>>>>

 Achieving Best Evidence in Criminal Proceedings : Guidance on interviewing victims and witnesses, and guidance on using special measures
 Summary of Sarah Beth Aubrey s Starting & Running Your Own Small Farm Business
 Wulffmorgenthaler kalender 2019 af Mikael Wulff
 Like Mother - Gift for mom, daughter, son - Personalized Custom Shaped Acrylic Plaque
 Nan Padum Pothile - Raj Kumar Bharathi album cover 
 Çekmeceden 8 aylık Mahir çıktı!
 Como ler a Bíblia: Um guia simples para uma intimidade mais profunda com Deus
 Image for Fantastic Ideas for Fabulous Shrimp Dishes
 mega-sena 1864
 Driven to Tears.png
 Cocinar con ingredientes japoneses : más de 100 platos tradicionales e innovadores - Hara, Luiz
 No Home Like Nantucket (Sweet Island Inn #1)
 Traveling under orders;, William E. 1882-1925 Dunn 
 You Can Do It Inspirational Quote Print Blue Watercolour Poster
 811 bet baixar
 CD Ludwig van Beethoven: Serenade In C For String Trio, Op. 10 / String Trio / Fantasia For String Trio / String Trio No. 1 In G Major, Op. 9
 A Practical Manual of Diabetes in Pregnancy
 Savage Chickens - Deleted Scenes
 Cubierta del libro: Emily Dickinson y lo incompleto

<<<<

Your task is to reproduce the records in full, without any alteration.

 Achieving Best Evidence in Criminal Proceedings : Guidance on interviewing victims and witnesses, and guidance on using special measures
 Summary of Sarah Beth Aubrey s Starting & Running Your Own Small Farm Business
 Wulffmorgenthaler kalender 2019 af Mikael Wulff
 Like Mother - Gift for mom, daughter, son - Personalized Custom Shaped Acrylic Plaque
 Nan Padum Pothile - Raj Kumar Bharathi album cover 
 Çekmeceden 8 aylık Mahir çıktı!
 Como ler a Bíblia: Um guia simples para uma intimidade mais profunda com Deus
 Image for Fantastic Ideas for Fabulous Shrimp Dishes
 mega-sena 1864
 Driven to Tears.png
 Cocinar con ingredientes japoneses : más de 100 platos tradicionales e innovadores - Hara, Luiz
 No Home Like Nantucket (Sweet Island Inn #1)
 Traveling under orders;, William E. 1882-1925 Dunn 
 You Can Do It Inspirational Quote Print Blue Watercolour Poster
 811 bet baixar
 CD Ludwig van Beethoven: Serenade In C For String Trio, Op. 10 / String Trio / Fantasia For String Trio / String Trio No. 1 In G Major, Op. 9
 A Practical Manual of Diabetes in Pregnancy
 Savage Chickens - Deleted Scenes
 Cubierta del libro: Emily Dickinson y lo incompleto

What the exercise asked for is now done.